Nous vous livrons l’histoire des phares du pays tirée du livre « Photographies des phares d’Algérie, de Zinedine Zebar. C’est le fruit de trois ans de périple et des escapades à travers la côte algérienne longue de 1600 km. Le photographe a répertorié 32 phares. Nous vous présentons ici quelques phares de la côte Est du pays.
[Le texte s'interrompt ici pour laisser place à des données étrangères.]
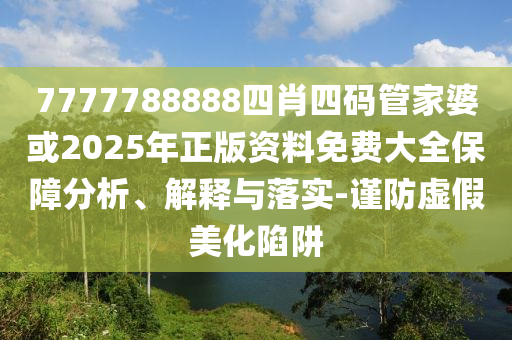 7777788888四肖四碼管家婆或2025年正版資料免費大全保障分析、解釋與落實-謹防虛假美化陷阱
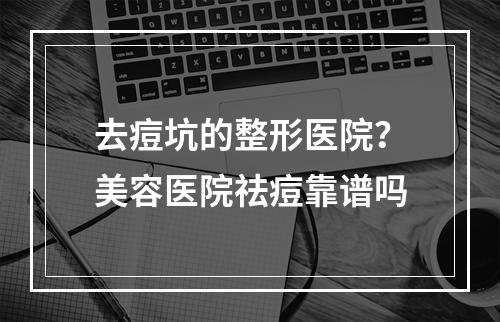 去痘坑的整形医院？美容医院祛痘靠谱吗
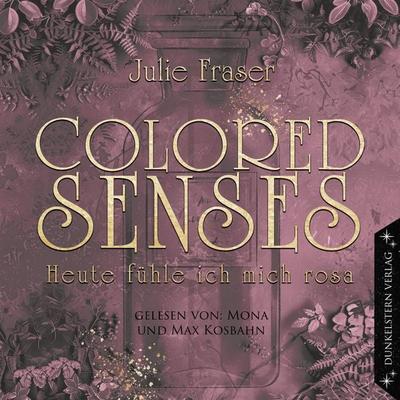 Colored Senses - Heute fühle ich mich rosa - Julie Fraser, Audio, 9783989470538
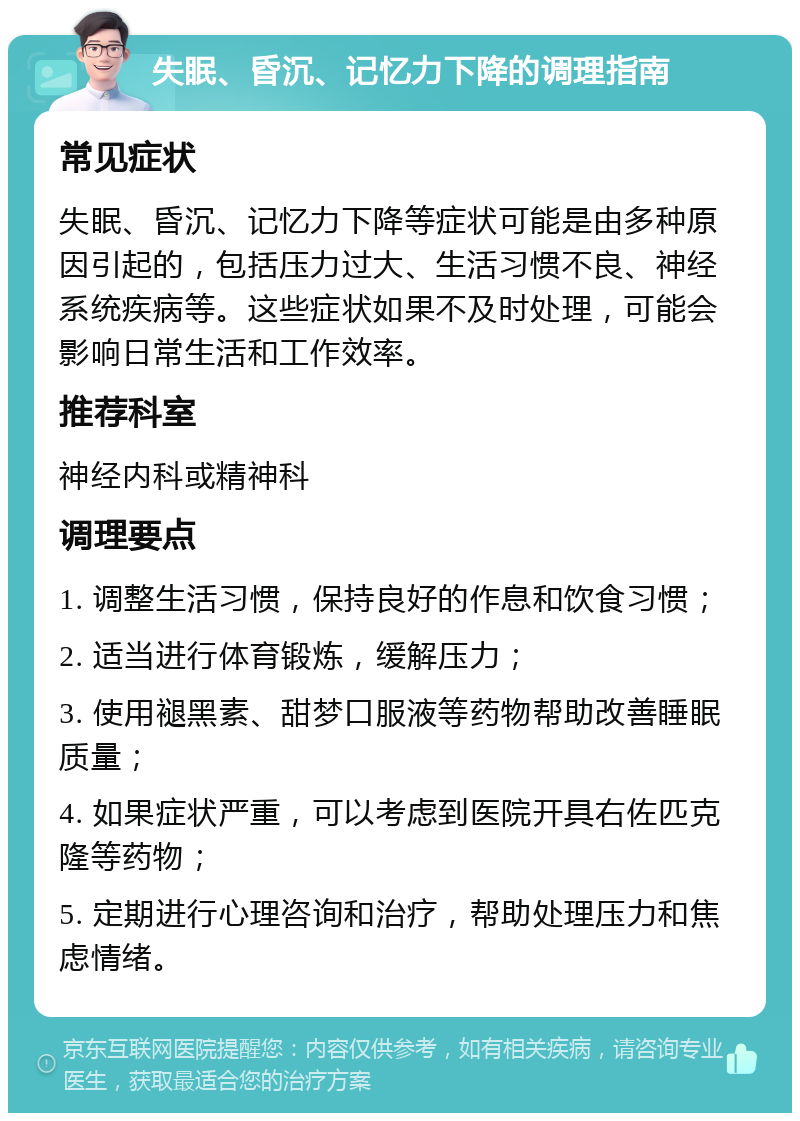 失眠、昏沉、记忆力下降的调理指南 常见症状 失眠、昏沉、记忆力下降等症状可能是由多种原因引起的，包括压力过大、生活习惯不良、神经系统疾病等。这些症状如果不及时处理，可能会影响日常生活和工作效率。 推荐科室 神经内科或精神科 调理要点 1. 调整生活习惯，保持良好的作息和饮食习惯； 2. 适当进行体育锻炼，缓解压力； 3. 使用褪黑素、甜梦口服液等药物帮助改善睡眠质量； 4. 如果症状严重，可以考虑到医院开具右佐匹克隆等药物； 5. 定期进行心理咨询和治疗，帮助处理压力和焦虑情绪。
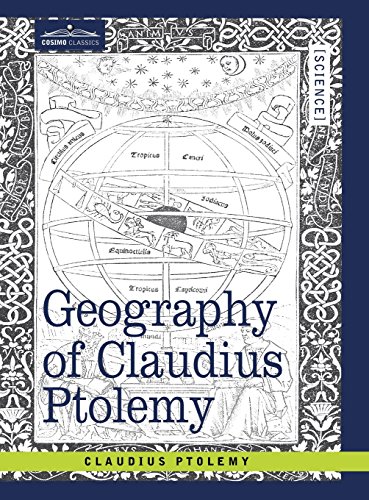 Geography Of Claudius Ptolemy [Hardcover]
Le phare du Cap Bougaroun, Collo, (Skikda), 1911
Les travaux pour la construction du phare d’atterrissage en maçonnerie, une tour octogonale, sur le massif du cap Bougaroune, à 28 km à l’ouest de Collo, ont duré de 1869 à 1911. Ces retards sont dus, selon un article d’Algérie Presse Service (APS), à la guerre et aux crises qui ont marqué la France et ses colonies dans les années 1870, et aussi au fait que « le chantier a été ralenti par les difficultés de transport et d’accès, alors que la priorité était accordée aux autres phares en chantier, notamment le phare de Cap de Fer, construit en 1907, à l’Est de Skikda. »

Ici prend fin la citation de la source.